La magnifique histoire d'amour entre Franck et Sophie
!! ATTENTION SPOILERS !! (si vous n'avez pas lu le livre, vous êtes prévenus).
Lorsque l'on donne son avis sur robe de marié, ce n'est pas un mais trois romans qu'il faut prendre en compte.
Le récit est donc séparé en parties bien distinctes. Chacune d'entre elles offre une tonalité inédite, ainsi que son lot de rebondissements et de renversement de rapport de force.
La structure est très astucieuse et savoureusement cynique. Si l'on n'était pas face un thriller, on pourrait croire à une oeuvre romantique lambda. Les deux premières parties détaillent la vie avant la recontre. L'une du point de vue de la femme, l'autre celui de l'heureux élu. La troisième suit quant a elle la vie quotidienne des jeunes mariés, ou chacun tentera de prendre le dessus sur l'autre. Sauf qu'évidemment, ce n'est pas une histoire d'amour mielleuse qui est ici décrite, mais l'affrontement à mort des deux conjoints. Le salut viendra pour celui qui manipulera le mieux son conjoint, donnant ainsi naissance à un suspense jubilatoire.
La première partie suit donc les traces d'une meurtrière en fuite et ose l'identification. Si elle n'égale pas les mastodontes du genre ( Un tueur sur la route d'Ellroy, ou les 150 premières pages des Racines du Mal de Dantec), ce premier tiers a le mérite de faire démarrer l'histoire sur des chapeaux de roues ( le premier meurtre au bout intertvient au bout de la 3e page seulement !) . Et Lemaitre possède un style alerte fort bien adapté aux situations de panique et d'hésitations parsèmant cette première partie.
La seconde, n'y allons pas par quatre chemins, c'est de loin l'apogée du roman. En adoptant le point de vue du marié, l'auteur repousse les limites du voyeurisme, de la perversité ,de la manipulation et de la cruauté à un niveau rarement atteint. On retrouve toute ici la force des grandes oeuvres voyeuristes ( Hitchcock, De Palma évidemment, mais aussi le récent et très réussi Malveillance de Balaguero) et on en ressort soufflé, ecoeuré, boulversé devant tant de sadisme.
Enfin la dernière partie, pleine de promesses pourtant, déçoit.
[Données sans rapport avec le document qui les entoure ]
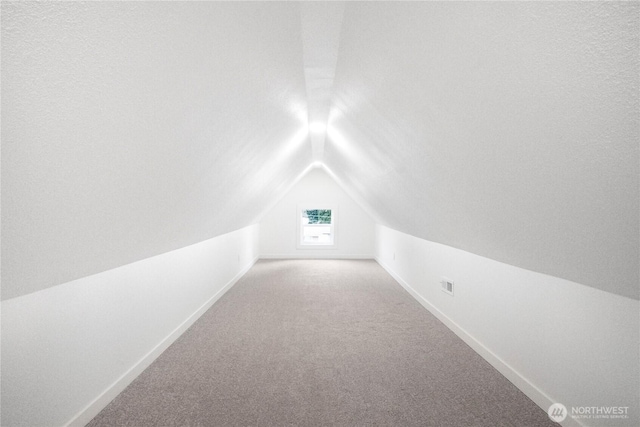 additional living space featuring visible vents, lofted ceiling, carpet, and baseboards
Après une seconde partie aussi puissante, l'auteur nous livre dénouement classique et efficace, sans plus. Les motivations du mari, une basique histoire de vengeance avec une génération de retard, tombent comme un cheveu sur la soupe, en plus d'appauvrir le personnage. Il aurait été tellement plus efficace de rendre cette relation hors norme plus ambigue. Le lecteur prend donc clairement le parti de Sophie, la gentille de l'histoire. Ce choix réduit drastiquement la tension du climax final, et le roman perd de son coté malsain.